Mequoda & SIPA – Sure, we might look like competitors from the outside, but get us in a room together and it’s a warm embrace. We both see what one another can bring to the table and we partner on events, promotions and even blog posts.

Yahoo! and Men’s Health – Yahoo needs content to satisfy their advertisers and Men’s Health needs inbound links to their website. So what do they do? Face-of-the-brand David Zinczenko writes articles for Yahoo Health which link back to different articles on the Men’s Health site.

I suppose we can’t really divulge the relationships we’ve nurtured between clients and colleagues who are in similar industries and have traded, but let’s just say this:

If you are in a distinct niche, and your competitor has experience in a portion that you don’t necessarily touch upon (and vice versa), it’s very much OK to trade content. When discussing a content trade agreement, make sure that these elements are included in the agreement:

  • Links to articles on your own site – you might discuss a content to link density.
  • Bio within the articles that points back to your website.
  • Ability to link to free lead-generating products on your website.

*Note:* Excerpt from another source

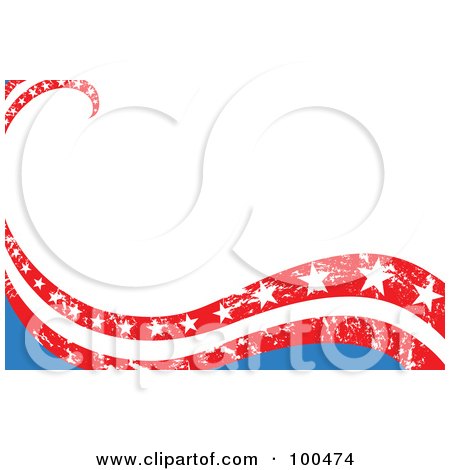 Royalty-Free (RF) Clipart Illustration of a Background Of Patriotic American Waves With Stars by yayayoyo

Of course you can’t make your articles ads. You won’t be adding value to their website and their readers will instantly be turned off by you if they see that you’re a sales pitch. The instant your competitor/new friend starts getting emails from their readers about the quality of your content, the deal will be off.

So what you can start doing today to get your competitors on board? First, analyze your competition and find where you can help them, and then where they can help you. Next, pick up the phone. Send emails. Hop to it!